Moyston is the self-proclaimed "Birthplace of Australian Football", based on its connection to the sport's founder, Tom Wills, who grew up in the area in the 1840s, and, according to some, played Marn Grook with the Indigenous people of the area.

== History ==
The first European to see the Moyston area was the explorer Major Thomas Mitchell in 1836. Squatters and their flocks of sheep followed soon after, among them Horatio Wills. His son, Tom Wills, was Australia's first great cricketer and a pioneer of Australian rules football. It has been claimed that, while living in the Moyston area, Wills witnessed or played Marn Grook, an Aboriginal football game that inspired his laws for Australian football. The discovery of gold in 1857 started a small gold rush and the establishment of a township. The Post Office opened on 19 March 1860 as Campbell's Reef and was renamed Moyston in 1866.
In 1861, a formal survey of the township was made and blocks offered for sale. By then, the town included two churches, three hotels and a police station.

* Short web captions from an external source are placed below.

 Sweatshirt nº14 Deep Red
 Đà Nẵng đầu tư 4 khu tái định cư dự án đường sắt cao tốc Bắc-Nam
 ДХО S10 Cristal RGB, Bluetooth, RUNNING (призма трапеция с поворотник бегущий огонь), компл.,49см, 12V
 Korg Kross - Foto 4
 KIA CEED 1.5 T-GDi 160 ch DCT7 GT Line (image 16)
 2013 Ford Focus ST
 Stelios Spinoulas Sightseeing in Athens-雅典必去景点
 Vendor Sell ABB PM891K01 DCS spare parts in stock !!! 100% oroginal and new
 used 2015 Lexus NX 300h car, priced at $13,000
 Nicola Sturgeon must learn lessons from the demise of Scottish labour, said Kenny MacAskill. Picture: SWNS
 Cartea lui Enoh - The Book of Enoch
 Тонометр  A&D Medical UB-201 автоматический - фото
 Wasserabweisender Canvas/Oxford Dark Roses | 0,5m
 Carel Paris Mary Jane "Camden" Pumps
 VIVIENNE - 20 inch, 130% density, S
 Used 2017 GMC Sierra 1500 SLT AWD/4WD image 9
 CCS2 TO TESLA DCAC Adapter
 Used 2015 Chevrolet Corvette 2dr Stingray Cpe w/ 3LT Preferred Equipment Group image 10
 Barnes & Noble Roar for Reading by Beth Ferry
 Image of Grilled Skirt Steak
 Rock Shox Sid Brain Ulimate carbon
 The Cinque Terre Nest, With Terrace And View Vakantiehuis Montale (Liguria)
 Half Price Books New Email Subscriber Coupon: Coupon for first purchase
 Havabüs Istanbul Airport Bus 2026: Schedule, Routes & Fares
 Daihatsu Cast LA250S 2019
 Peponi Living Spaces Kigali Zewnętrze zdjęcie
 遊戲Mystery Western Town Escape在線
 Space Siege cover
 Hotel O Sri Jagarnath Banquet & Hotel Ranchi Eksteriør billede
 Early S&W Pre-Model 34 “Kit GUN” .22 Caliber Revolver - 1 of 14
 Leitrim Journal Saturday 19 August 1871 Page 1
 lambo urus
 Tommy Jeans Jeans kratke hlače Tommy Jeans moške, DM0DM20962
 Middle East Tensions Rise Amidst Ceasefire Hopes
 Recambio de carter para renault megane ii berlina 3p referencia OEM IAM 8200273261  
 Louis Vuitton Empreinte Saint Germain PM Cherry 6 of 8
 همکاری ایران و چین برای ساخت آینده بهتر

By 1880, mining in the area had declined and vineyards and orchards were established along with dairying and grazing on newly developed selections. The last mine in the area, the "Golden Gate", ceased operation by around 1910.

== The Town today ==
Today, Moyston is an historic town surrounded by farming properties and where workers employed in the nearby towns of Great Western, Ararat, Stawell, and Halls Gap, reside. Several public businesses operate in and near the town which included the post office, the general store and Clayfield Winery. The town shares an Australian rules football team with nearby Willaura, the Moyston-Willaura Pumas, competing in the Mininera & District Football League.